** Data supplied follows **
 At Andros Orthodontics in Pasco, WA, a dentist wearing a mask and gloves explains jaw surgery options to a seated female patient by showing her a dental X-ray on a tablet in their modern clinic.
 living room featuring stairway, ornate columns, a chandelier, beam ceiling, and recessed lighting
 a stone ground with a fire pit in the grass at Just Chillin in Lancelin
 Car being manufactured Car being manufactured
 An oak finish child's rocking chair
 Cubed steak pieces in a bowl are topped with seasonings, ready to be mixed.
** End of Data supplied **
** Data supplied follows **
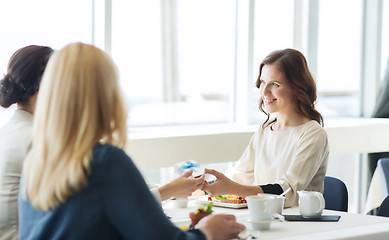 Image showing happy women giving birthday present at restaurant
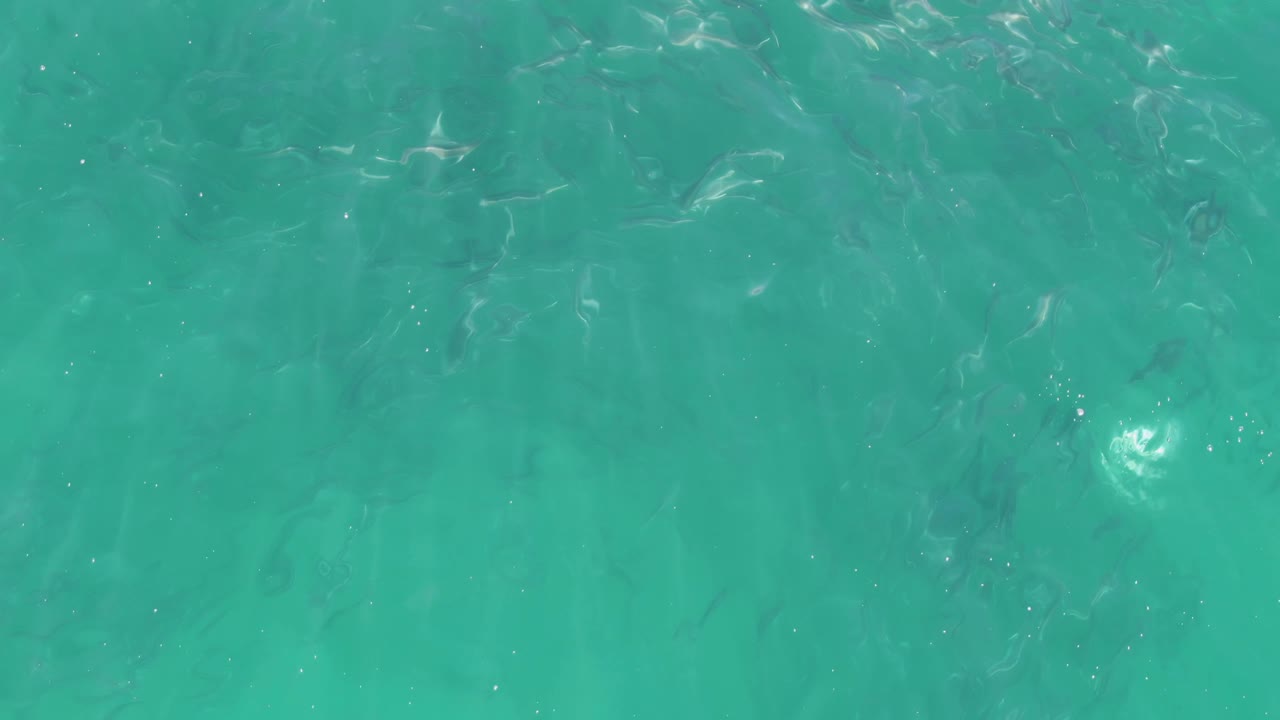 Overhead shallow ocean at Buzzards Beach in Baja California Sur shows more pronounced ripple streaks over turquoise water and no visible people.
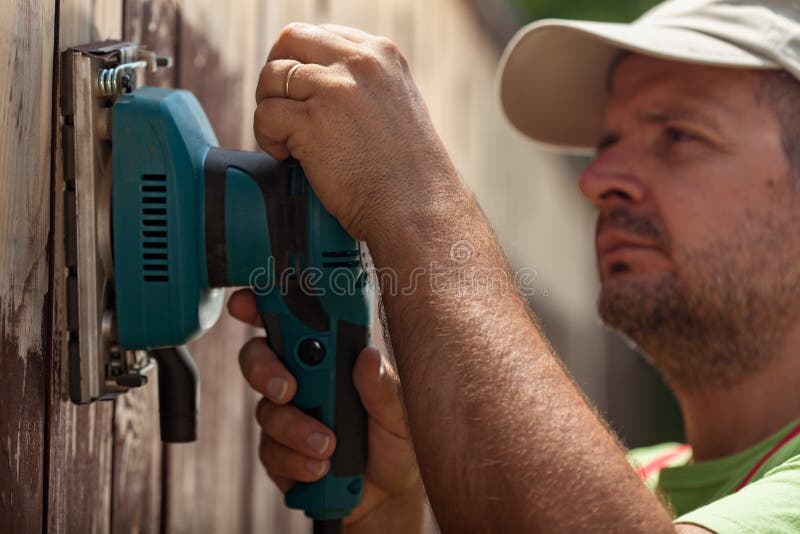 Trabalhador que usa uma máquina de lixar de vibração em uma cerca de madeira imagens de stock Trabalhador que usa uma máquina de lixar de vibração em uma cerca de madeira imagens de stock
** End of Data supplied **
** Data supplied follows **
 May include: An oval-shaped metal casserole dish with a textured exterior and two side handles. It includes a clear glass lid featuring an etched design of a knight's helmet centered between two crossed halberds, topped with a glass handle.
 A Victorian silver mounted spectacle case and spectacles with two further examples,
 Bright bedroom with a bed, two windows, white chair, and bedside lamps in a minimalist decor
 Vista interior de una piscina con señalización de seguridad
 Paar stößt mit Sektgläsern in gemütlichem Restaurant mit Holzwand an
** End of Data supplied **
### Task statement
From the entries above, copy exactly the lines starting at the one with "Overhead shallow ocean" and stopping at the one with "de stock Trabalhador", keeping both ends. Drop the pictures.

### Task result
 Overhead shallow ocean at Buzzards Beach in Baja California Sur shows more pronounced ripple streaks over turquoise water and no visible people.
 Trabalhador que usa uma máquina de lixar de vibração em uma cerca de madeira imagens de stock Trabalhador que usa uma máquina de lixar de vibração em uma cerca de madeira imagens de stock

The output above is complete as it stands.